--- START ---

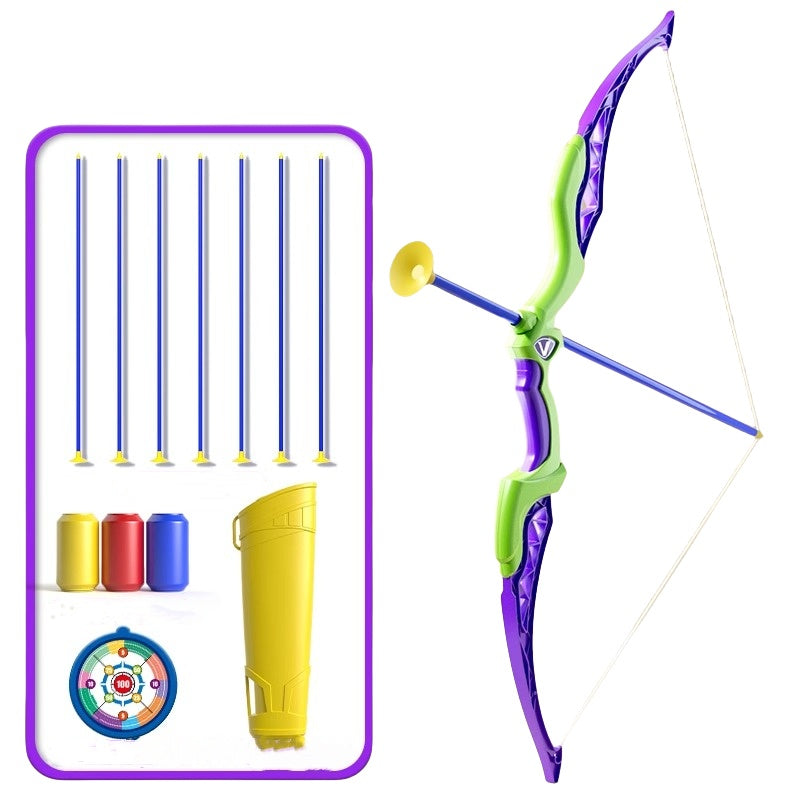 Xidichi o'yinchoq kamon va o'q to'plami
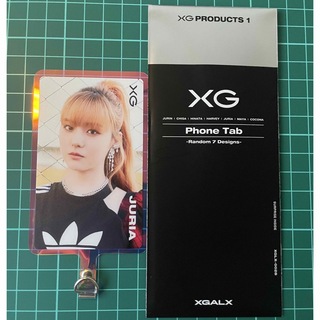 エックスジー(xg)のXG ジュリア　phone tab(K-POP/アジア)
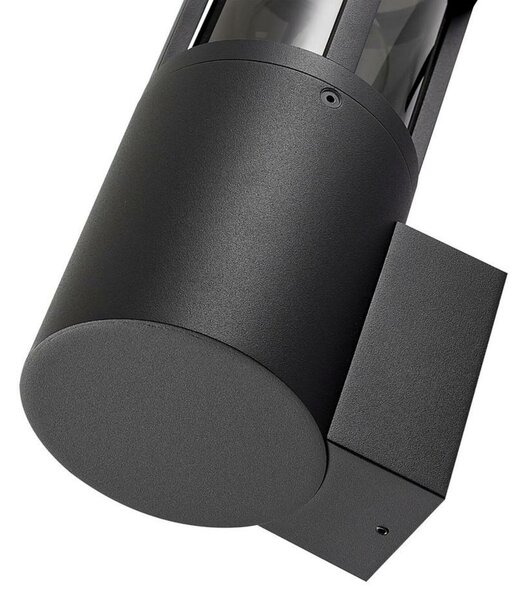 Deko-Light nástěnné přisazené svítidlo - Facado II kulaté tónované, 1x max 20 W, šedá 731153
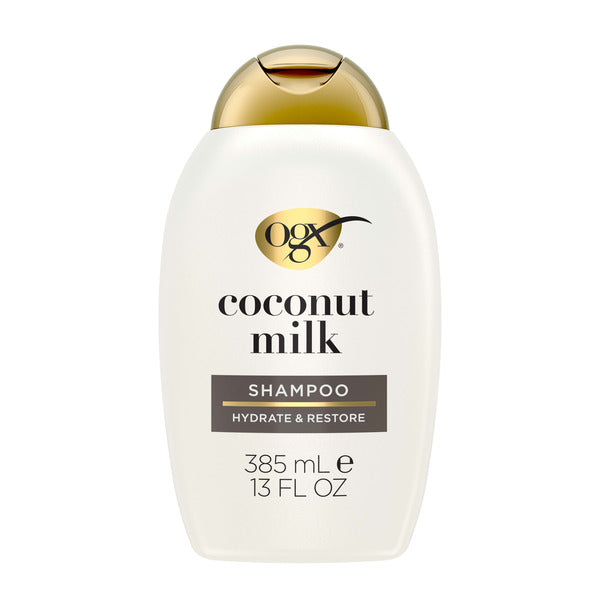 OGX Nourishing + Coconut Milk Moisturizing Hair Shampoo, 13 fl. oz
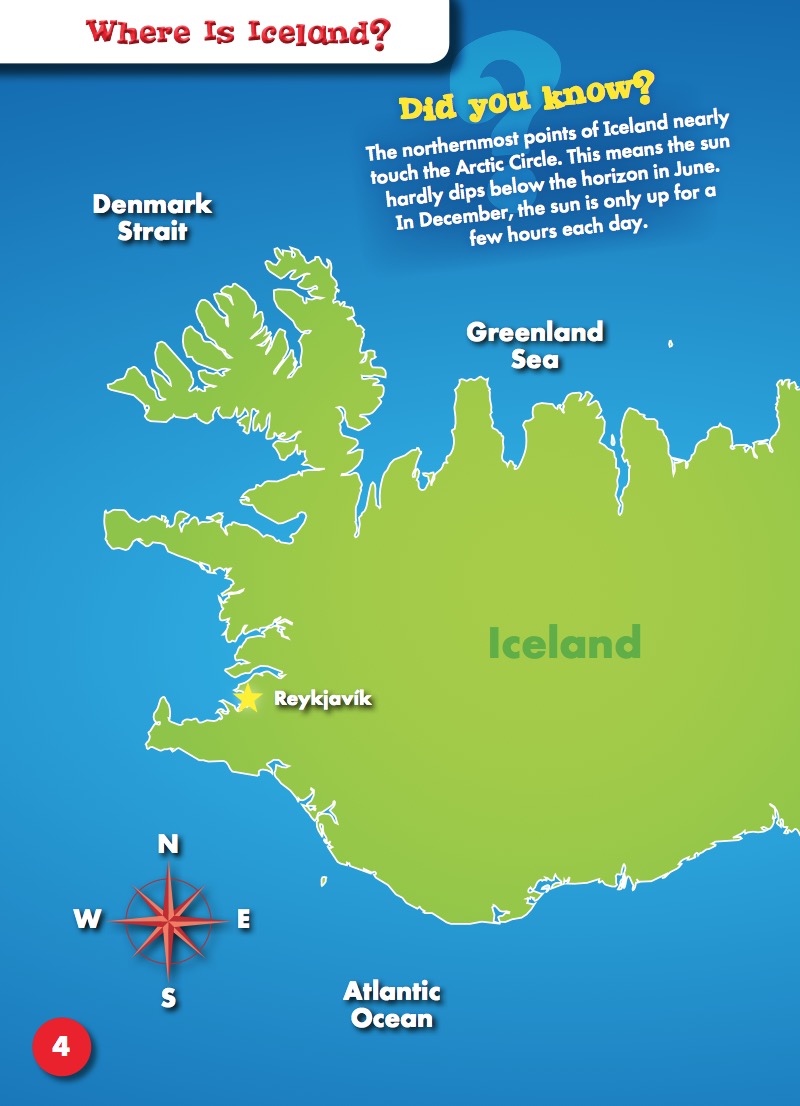 Exploring Countries: Iceland — page 1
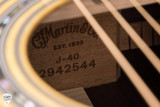 Martin J-40 / New For 2025 Acoustic Guitar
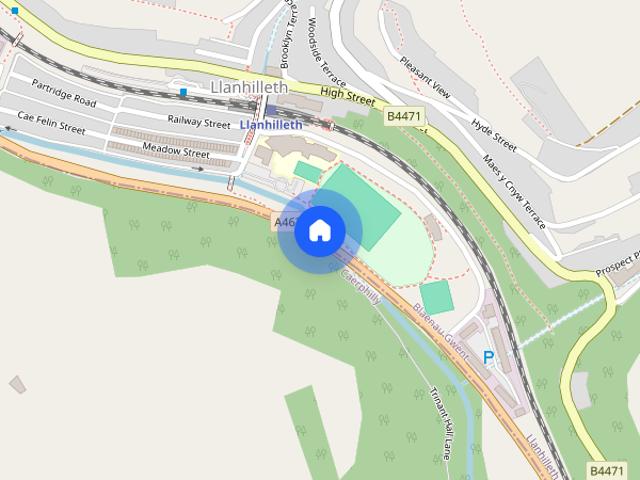 Apartment for rent in Llanhilleth, Wales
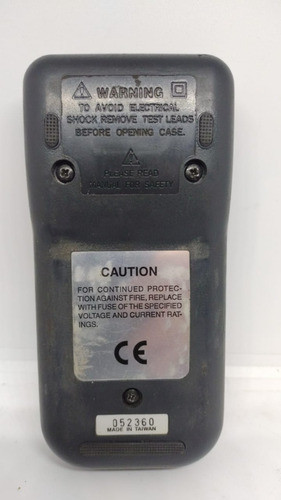 Multimetro Tester Automotor Multifunción  Cie 128 - T002 1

--- END ---

**Task prompt:** When you retype the records, keep every word exactly as written and exclude the pictures.

**Response box:**
 Xidichi o'yinchoq kamon va o'q to'plami
 エックスジー(xg)のXG ジュリア　phone tab(K-POP/アジア)
 Deko-Light nástěnné přisazené svítidlo - Facado II kulaté tónované, 1x max 20 W, šedá 731153
 OGX Nourishing + Coconut Milk Moisturizing Hair Shampoo, 13 fl. oz
 Exploring Countries: Iceland — page 1
 Martin J-40 / New For 2025 Acoustic Guitar
 Apartment for rent in Llanhilleth, Wales
 Multimetro Tester Automotor Multifunción  Cie 128 - T002 1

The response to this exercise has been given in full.